I use this perl module for transliteration:
Maybe it’s tables will be useful :slight_smile:

But the german “ß” ist part of latin1 charset and don’t needs to be transcripted to “ss”.

It does because what counts is if a garmin device can display it.

I think a GPSmap 60Cx cannot. Well it is difficult to find out. ß in streetnames in osm are on Lambertus’ site ss. In City Navigator its only ss. That will have a reason I think.

If you have/know a small .img file with ß’s please give me a link. I’m eager to try it out.

Thank you. I see that all has been done before.

I will spit it through but at first glance it looks to be a transliteration from two byte unicode (See the Bei Jing example on that page). But osm comes with utf8 (1 to 6 bytes). You do a conversion first from utf8 to unicode-2 before using this function?

It converts from perl’s internal unicode representation.
So the code is something like this:

use Encode;
use Text::Unidecode;
$transliterated_string = unidecode( decode( 'utf8', $utf8_string ) );

Speeking for my Legend HCX:

In general the device is able to diplay all(?) latin1 characters:

But: When compiling the map, mkgmap changes all street names to uppercase
(unless you use the --lower-case option). But there is no upper case
for the “ß”, so it is converted to “SS”.

The Garmin device convertes back to lower case in the tooltips and in other fields.

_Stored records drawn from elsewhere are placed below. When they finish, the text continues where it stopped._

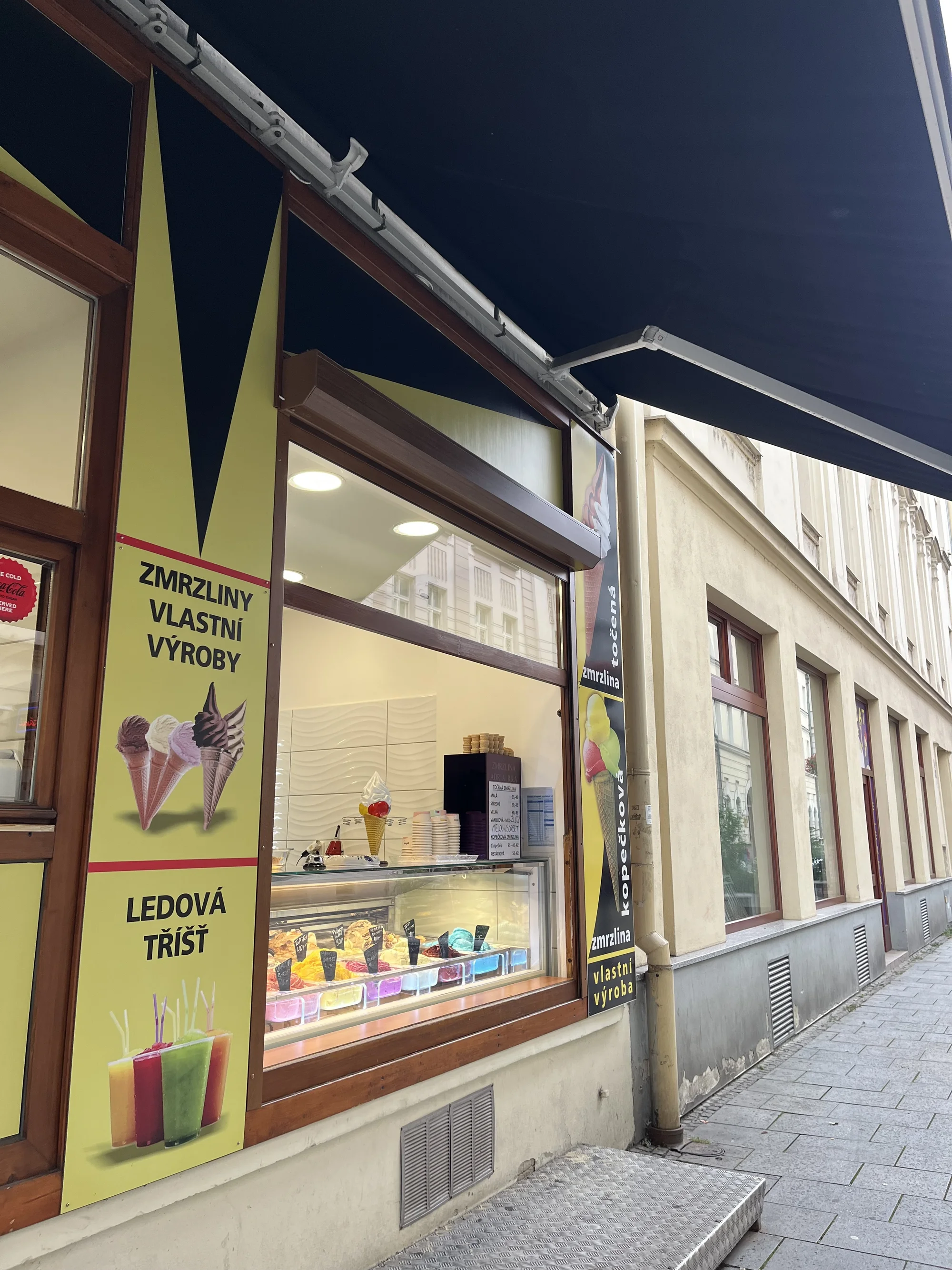Malá nebo velká točená či kopečková zmrzlina v centru Ostravy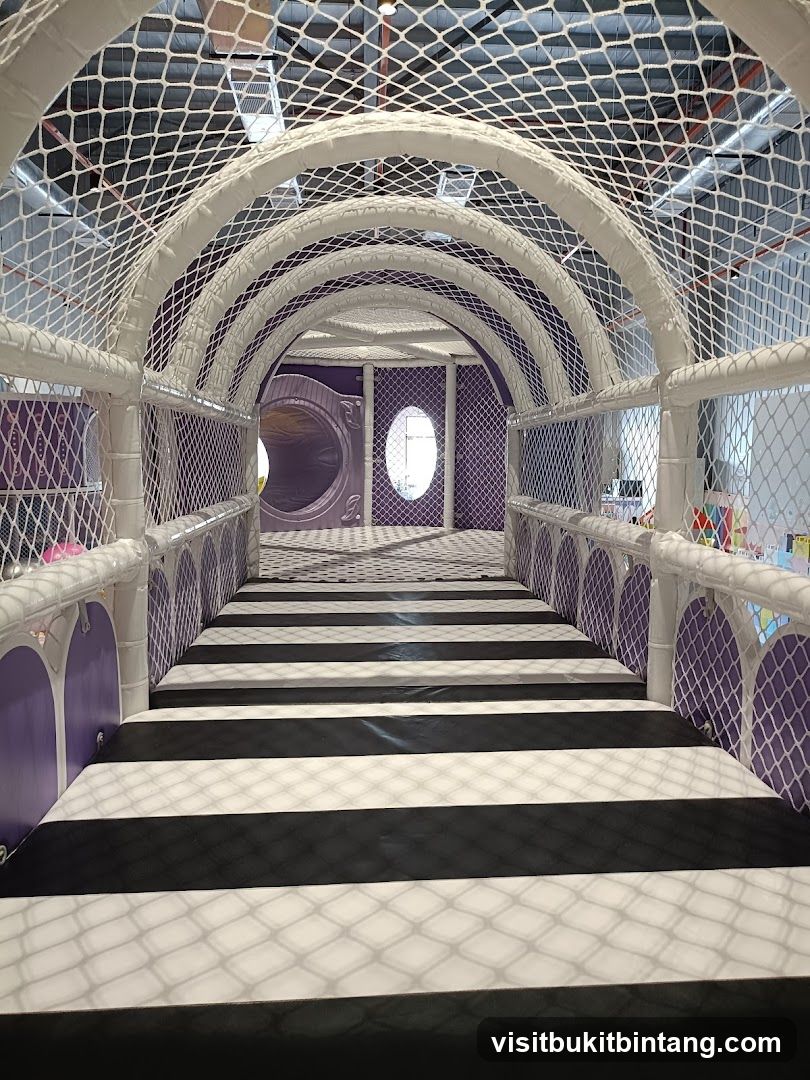 Indoor Playground Tunnel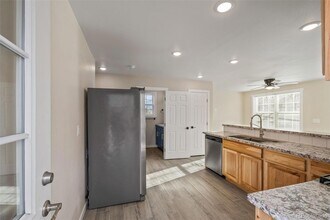 444 N Spruce St, Unit B in Colorado Springs, CO - Building Photo - Building Photo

If the --lower-case option is used, the street names are displayed
as A… in the map (only first letter is shown).


Chris you are talking about what mkgmap can/does. But I want to know something about the Garmin. I asked if you had/knew an .img file which contained a ß. Does not matter who put in in.

But your picture shows something very nice. Just above the Süntelstasse hint: ÄËäÜß.

Isn’t that a ß at the end? Did you type it in for a waypoint?